Read the first part in this series to see the intro to crowdfunding and cooperative workplaces.
So here is a more concrete example of how we could do this in the real world.
Imagine 100 Daily kos readers borrow $30,000 from lending club. That 30k is borrowed at interest, 10 percent sounds about right. Other daily kos readers fund the loans. Here is the beauty of crowdfudning, no one needs to loan more than $25 dollars, and the note that you receive bears interest. If Kos readers and other regular peer lending investors fund the loans, they will all fund, and they will fund fast.
Now, all of a sudden, we have three million dollars to work with, and that three million dollars can be raised in one week. It's important to remember, this isn't charity, the money people loan will be paid back- with interest, if the business succeeds that is.

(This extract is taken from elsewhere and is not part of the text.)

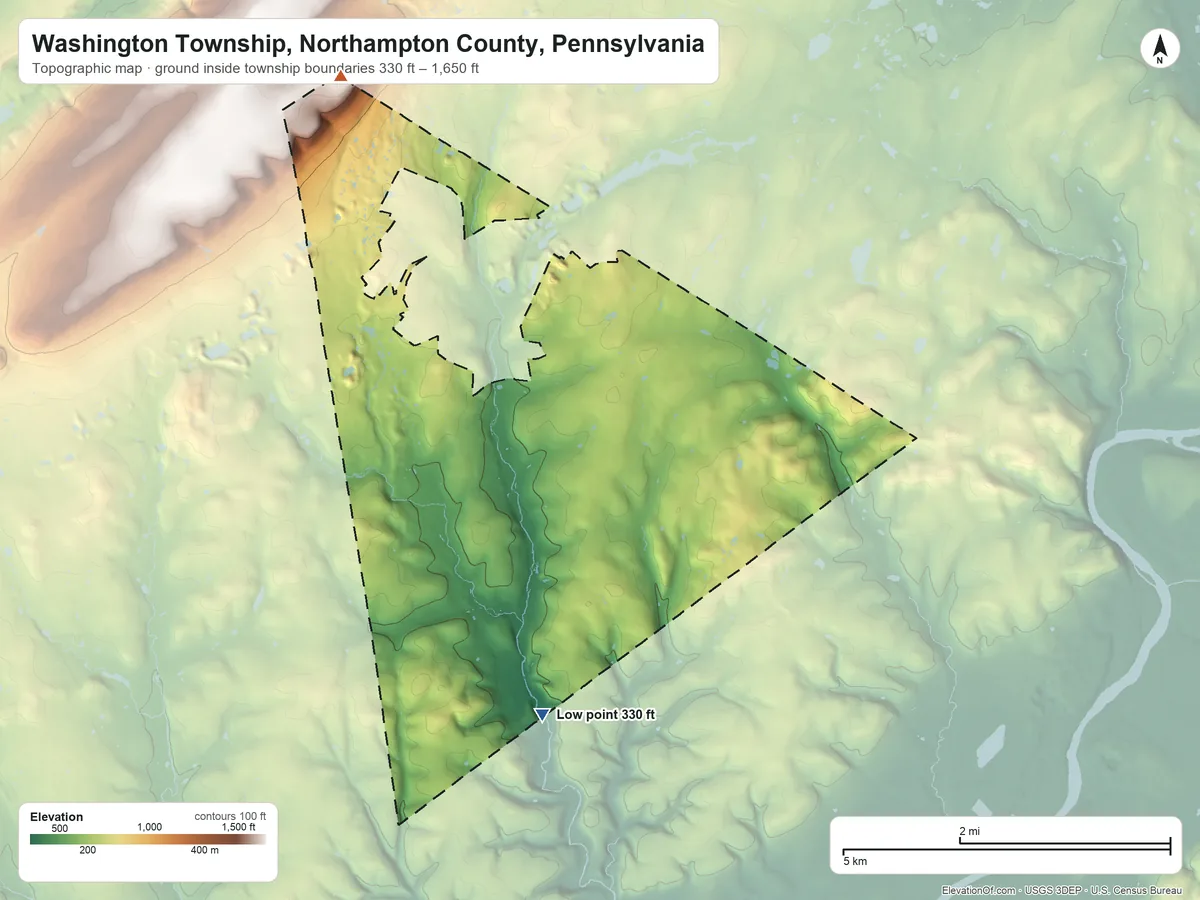 Topographic elevation map of Washington Township, Northampton County, Pennsylvania, shaded from 330 ft on the south side to 1,650 ft on the northwest side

So- what to do with that money? first we need to gain community support for a project. Suppose the neighborhood wants a coffee shop, or an co-op food store. well, the people in that community must be willing to shop at that establishment, better yet, they will want to buy into the co-op. Workers will also be able to buyin to the co-op as well. The money that the business earns in profits and in co-op buyins will go towards paying back the original loan.
Profits aren't guaranteed, neither is the business, the only way it is going to succeed is if the local community supports the establishment, and if the business provides something that the local citizens need in their daily lives.

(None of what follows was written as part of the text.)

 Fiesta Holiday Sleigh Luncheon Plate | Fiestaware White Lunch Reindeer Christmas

Now here is where it gets interesting, if 1000 member decide to borrow 30k, that is 30million dollars raised. What kind of business co-op could we start with 30 million?
Before the internet, raising cash and awareness were tough. Now, with crowdfudning raising million is the easy part. Getting the community to support a local business with sound ethics might be the harder part.
Always a naysayer in the crowd.
Here is a crystal clear example.
I have lived in neighborhoods in NYC that desperately needed a coffee shop that was kid friendly. Or they needed an organic grocer, or a daycare, or a butcher.
If you can mobilize the locals, and explain that you are going to open a co-op that hires people at livable wages, and that this will be community owned and operated, then you can get it done.
Borrowing a ton of money with the power of crowdfunding is easy. Each person need only invest in 25 dollar increments. Getting people to frequent the business is a different story, and running a profitable business, that is the hard part. If the neighborhood will buy into the co-op, and spend their money there, then it can work.